- Developers: Tomoaki Sugeno exA-Arcadia (R)
- Engine: Fighter Maker 2nd
- Platforms: Microsoft Windows, Linux, Cloud (OnLive), Arcade
- Release: Microsoft Windows June 26, 2009 Cloud (OnLive) April 10, 2013 Arcade TBA
- Genre: Fighting
- Modes: Single-player, multiplayer

= Vanguard Princess =

2009 video game

Vanguard Princess (ヴァンガードプリンセス, Vangaado Purinsesu), also known as Vanguard Princess: Senjin no Himegimi (ヴァンガードプリンセス 先陣の姫君) is a Japanese dōjin 2D fighting game for Windows and Linux. Developed by a single programmer and illustrator, Tomoaki Sugeno (nicknamed Suge9), the game was created using Fighter Maker 2nd and was released for PC on June 26, 2009, and April 10, 2013, for OnLive.

==Gameplay==
Vanguard Princess is a 2D fighting game featuring an all-female cast. The player selects both a fighter and a support character, who follows the fighter and can assist her.

==Plot==
A mysterious woman with supernatural powers (Hilda Rize) is captured by the government. Her powers are accidentally unleashed, bestowing various young women with magical powers.

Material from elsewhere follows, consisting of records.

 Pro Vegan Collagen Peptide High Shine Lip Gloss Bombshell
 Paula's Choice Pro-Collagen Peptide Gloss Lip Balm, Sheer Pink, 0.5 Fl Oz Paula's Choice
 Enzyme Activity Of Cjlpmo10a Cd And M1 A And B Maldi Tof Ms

==Development and release==
Vanguard Princess was fully developed by Tomoaki Sugeno (or Suge9), an ex-Capcom sprite designer who worked in games like Resident Evil 3: Nemesis and made character sprites for The King of Fighters EX: Neo Blood. Sugeno uses Fighter Maker 2nd for his work, a popular graphic engine for Windows by ASCII. Sugeno designed and illustrated the game by himself, but the music was taken from "nash music library", a royalty-free library of songs. Sugeno also used voice actors to record the voices for all the characters. Sugeno planned a future update called Vanguard Princess Prime which would introduce a new character named Rikako but has since ceased development on it.

An English version was released by eigoMANGA in February 2013 on Amazon.com to North America and Europe. The following month, they released a cloud version of the game on the Onlive game service. A notable difference in the English version is that the game edits the explicit content in the original Japanese version. The English version also unlocks Hilda as a playable support character. A downloadable PC version of the game was released via Steam on March 3, 2014, after being Greenlit by the community. This version comes with the original English release, plus a free, optional Director's Cut add-on, which returns previously removed content to the game.

At Evo Japan 2024, exA-Arcadia announced an updated arcade version called Vanguard Princess R.

==Reception==

After the official release, Vanguard Princess was initially picked up on by video game websites such as Daiken, Kotaku and Siliconera, and later by Famitsu and IT+Media.